== Exercise instructions ==
Starting at the line that contains "Women's Mary Jane", copy every line through the end of the records below exactly as written, leaving out pictures.

Captioned web image data:
# # # # #
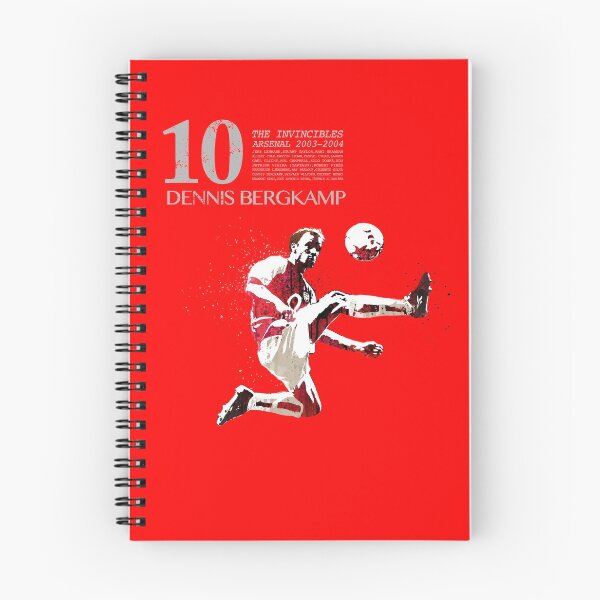 Item preview, Bergkamp the invincibles on red designed and sold by designwowow.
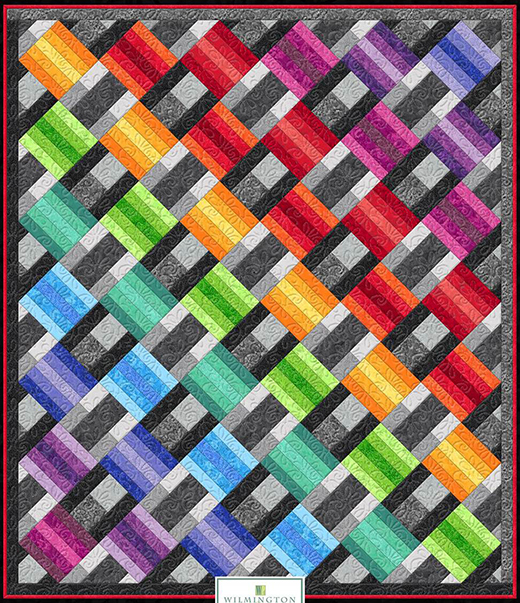 Quilting Land Wilm Essentials Rainbow Quilt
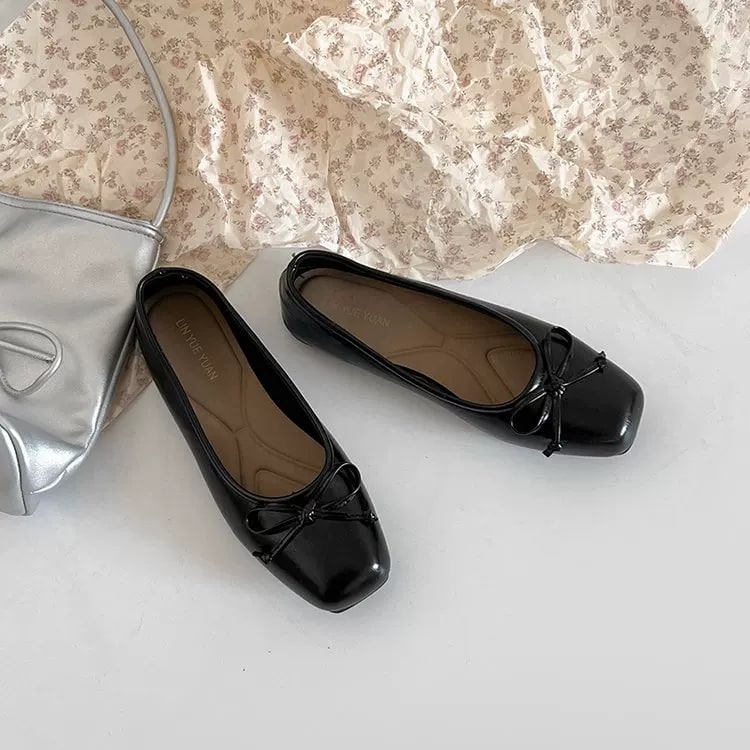Women's Mary Jane Ballet Flats with Bow Detail photo 6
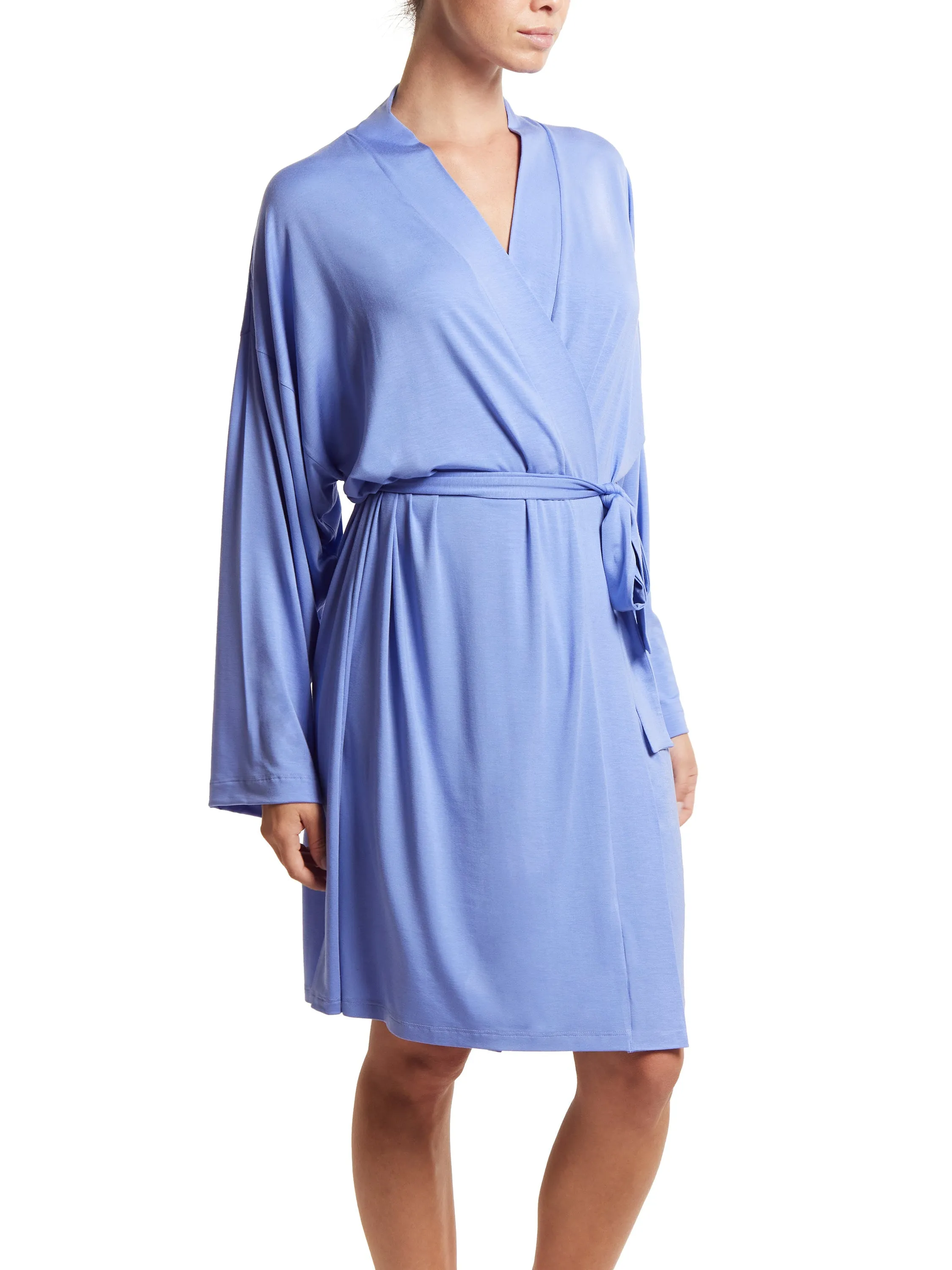 Unwind Knee Length Robe Cool Water Blue Sale sold by Hanky Panky product image thumbnail 3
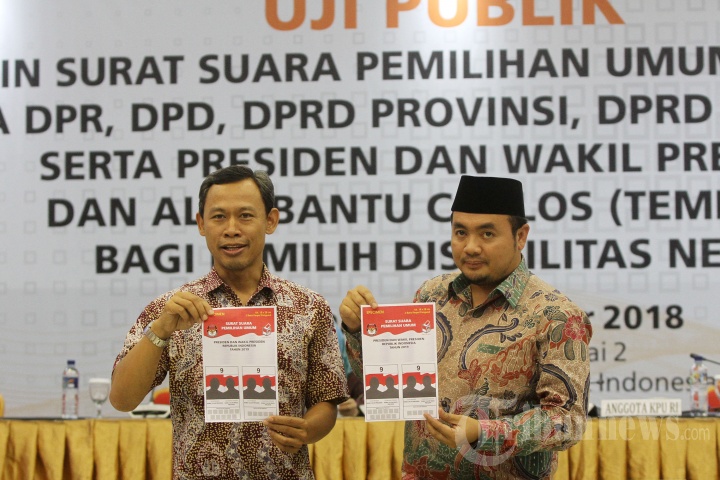 Uji Publik Desain Surat Suara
# # # # #
== Answer space ==
Women's Mary Jane Ballet Flats with Bow Detail photo 6
 Unwind Knee Length Robe Cool Water Blue Sale sold by Hanky Panky product image thumbnail 3
 Uji Publik Desain Surat Suara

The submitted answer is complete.